Замечательно, что Суворов вышел из Италии в то самое время, когда туда уже спешил ему навстречу Наполеон. Провидение развело своих избранных, дабы ни которому не было постыдно. Была бы, правда, любопытнейшая встреча. Но нельзя не отметить, что Бонапарт выражал собою будущее, в нем был грядущий момент истории, наступающий момент, а Суворов весь был выразителем прошлого. Он не мог бы быть побежден, не захотел бы быть побежден. И вероятно он умер бы, был бы убит. Ибо он все-таки был человек, а там, где ‘грядет’, где ‘грядущее’, уже самый гениальный человек — песчинка. Наполеон не своими силами был велик, с ним и в нем наваливалось на Европу неопределенное ‘грядущее’. Перед этим только и можно умереть.

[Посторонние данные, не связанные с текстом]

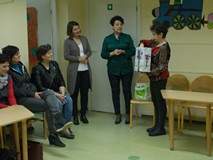 Na zdjęciu Basia Kuczma ogląda prezenty od koleżanek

Но добрый гений России не довел до этого катаклизма и сохранил нам непобежденным человека, в котором никакого будущего не наваливалось на нас, но который есть ответ всего нашего прошлого. Замечательно, что самое героическое в жизни Суворова и вместе кульминационная точка военной русской славы есть страница исключительного сияния, прагматически не связуемая с остальными страницами нашей истории. Итальянский поход — это эпизод, каприз, случай истории, ‘дикое мясо’ в ней, которое не составляет члена в организме наших судеб. Это значит, что Суворов не был ‘мужем рока’, как любили говорить в начале этого века. С напряжением его воли и его талантами, наконец с его действительным ‘счастьем’ — в другой исторический день или в истории другого народа он совершил бы не только необыкновенное, но необыкновенно нужное, повел бы за собою вереницу событий или вереницу предшествующих событий, вывел бы на совершенно новый путь. Это значит, что во французских или карфагенских событиях он мог бы поставить перед могилою Рим, ввести в небывалое могущество и славу Францию, ибо совершенно нет в его биографии фактов, которые где-нибудь его определяли бы менее способным, чем Ганнибал, Бонапарт, Цезарь. Но поприще его было несравненно меньшее. Он есть не факт всемирной истории, а внутренний факт нашей русской истории. Во всемирную историю, с итальянской и французской стороны, он входит блестящим и странным, но ничего не задерживавшим явлением. И это может быть для нас лучше, все всемирные гении бывают народно-холодны, народно-отчужденны. Судьба сохранила в Суворове чрезвычайно нам нужную национальную теплоту, показав его миру, но только показав, и оставив в пределах родной истории. Он наш ‘генералиссимус’, и в этом виде нам с ним легче, ему с нами лучше. Кость эта никуда не оторвалась от наших костей и, как Адам о Еве, старая Россия может сказать о чудном старике: ‘Это — кость от костей моих, плоть от плоти моей’.